Dans mon travail d’éducateur d’ailleurs, en tant que père de trois enfants, j’ai pu tester l’efficacité de comportements différents. Je faisais depuis longtemps la distinction entre le jugement de personne et le jugement de comportement que j’illustrais par la formule : “dire à un enfant “tu as fait une bêtise” est tout à fait différent que lui dire “tu es bête” . Mais c’est en testant cela avec une de mes filles de 7 ans, que sa réaction m’a permis de dépasser le jugement pour exprimer mon ressenti : “en fait, je suis embêté”. Voilà comment je résumerai l’essentiel de ma pédagogie dans le domaine d’une approche constructive et créative des conflits, qui consiste à transformer le discours, depuis “tu es bête”, en passant par “tu as fait une bêtise”, pour arriver finalement à “je suis embêté”. Ce travail sur la sensibilité, sur la perception de soi et des autres est au coeur de toute pédagogie pour transformer les conflits en instrument de développement personnel et de groupe, que ce soit dans la dimension relationnelle, économique ou politique.

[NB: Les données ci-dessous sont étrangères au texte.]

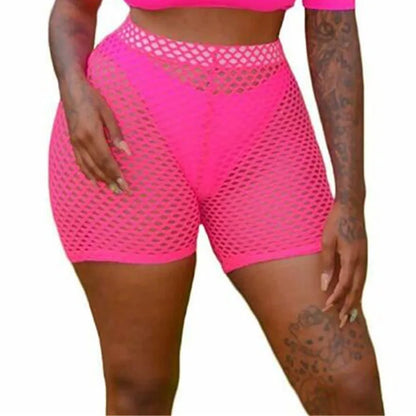 Sexy Women See-through Shorts Bikini Cover Up Stretch Mesh Fishnet Bottoms Loose Beachwear Swimwear Swimsuit Bathing Suit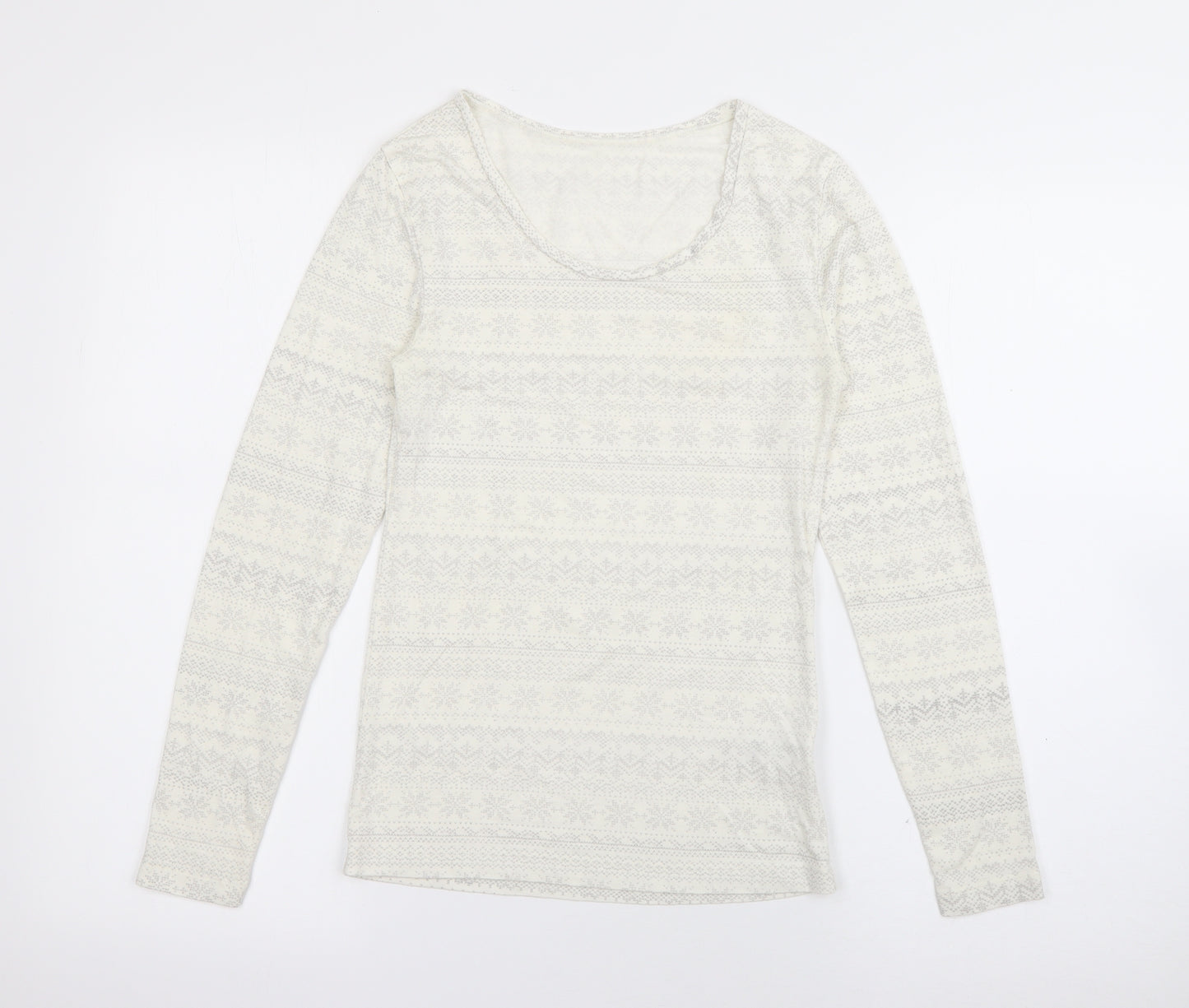 Marks and Spencer Womens White Scoop Neck  Acrylic Pullover Jumper Size 12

Distinguer les différentes formes de conflits et ce qui les structure.
Dans le domaine de la formation à l’attitude et aux techniques dites “non-violentes”, j’ai développé une approche des conflits selon les catégories de gens qu’ils mettent en oeuvre. Ainsi je distingue, à la suite de Johan Galtung, trois pôles de conflits : la personne, la structure et la culture.

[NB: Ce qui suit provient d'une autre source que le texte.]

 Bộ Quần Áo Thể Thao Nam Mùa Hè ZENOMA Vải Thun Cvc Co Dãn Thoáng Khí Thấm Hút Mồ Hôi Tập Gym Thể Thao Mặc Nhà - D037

Le pôle “personne” comprend les dilemmes ( conflits intra-personnels) et les disputes (conflits interpersonnels) avec un cas particulier pour les conflits dans les couples.
Le pôle “structure” concerne les conflits dans les groupes (avec un cas particulier concernant la famille), les conflits entre les groupes dans le même ensemble légal, appelé aussi conflits sociaux, puis les conflits internationaux entre les États.
Le pôle “culture” comprend les conflits inter-éthniques ou globalement interculturels.